Affleck’s debut behind the camera is also decent; it looks and feels like a documentary so the camera work doesn’t really factor in. However there are two absolutely beautiful shots that took my breath away when watching: one is where the camera is tilted up at Phoenix as he’s staring out into space before a big gig. It stays on that shot for a few minutes, and it really builds it up well as you see Phoenix’s cold gaze/concentration for his upcoming show. It just grabbed me by the balls and I loved it. The final shot of the movie is also beautiful, although the metaphor is a little too obvious.
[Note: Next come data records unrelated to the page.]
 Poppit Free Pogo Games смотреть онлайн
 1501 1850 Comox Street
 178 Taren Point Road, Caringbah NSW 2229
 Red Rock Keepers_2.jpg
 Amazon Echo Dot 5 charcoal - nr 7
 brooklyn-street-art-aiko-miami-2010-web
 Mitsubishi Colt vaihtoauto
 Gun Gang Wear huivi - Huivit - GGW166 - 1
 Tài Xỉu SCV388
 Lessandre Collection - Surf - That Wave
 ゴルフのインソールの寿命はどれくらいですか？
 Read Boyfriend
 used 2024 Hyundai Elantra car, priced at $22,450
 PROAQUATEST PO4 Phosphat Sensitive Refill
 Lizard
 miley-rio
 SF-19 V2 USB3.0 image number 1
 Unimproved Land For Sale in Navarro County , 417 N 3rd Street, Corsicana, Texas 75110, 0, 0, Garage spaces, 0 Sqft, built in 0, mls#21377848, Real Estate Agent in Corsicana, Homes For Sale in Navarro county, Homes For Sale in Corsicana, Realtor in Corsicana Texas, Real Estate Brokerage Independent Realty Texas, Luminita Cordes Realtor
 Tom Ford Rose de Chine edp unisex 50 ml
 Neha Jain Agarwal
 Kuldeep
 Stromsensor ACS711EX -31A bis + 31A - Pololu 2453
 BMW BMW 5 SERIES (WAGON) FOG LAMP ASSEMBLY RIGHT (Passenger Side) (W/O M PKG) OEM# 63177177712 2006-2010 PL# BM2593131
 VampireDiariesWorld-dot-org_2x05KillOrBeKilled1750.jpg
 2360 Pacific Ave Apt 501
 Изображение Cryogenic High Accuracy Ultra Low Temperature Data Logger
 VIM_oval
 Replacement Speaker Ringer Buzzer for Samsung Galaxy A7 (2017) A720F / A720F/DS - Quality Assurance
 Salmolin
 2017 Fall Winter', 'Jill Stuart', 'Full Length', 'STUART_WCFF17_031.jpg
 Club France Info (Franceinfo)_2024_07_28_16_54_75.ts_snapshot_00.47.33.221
I won’t spoil it obviously, but it’s definitely a great shot and proof that Affleck has some of the behind the camera talent that his big brother Ben does.
Critics and audiences have been mixed on I’m Still Here since it’s release but if you couldn’t tell I’m on the pro side; it’s a wonderful look into the world of celebrity indulgence and the culture’s ability (or inability) to accept when a celebrity decides to change themselves up and start something new. It is a bit slow in parts, but overall, everyone involved does an excellent job. Especially Phoenix, who I hope returns to acting (sans beard…or maybe not because it is AWESOME) soon because we desperately need him to. To me, this faux documentary is worth every minute and if you can stomach some of the slower bits and parts of you going “what a pretentious dick!”, you may be surprised to find out you enjoy it far more than you thought you would.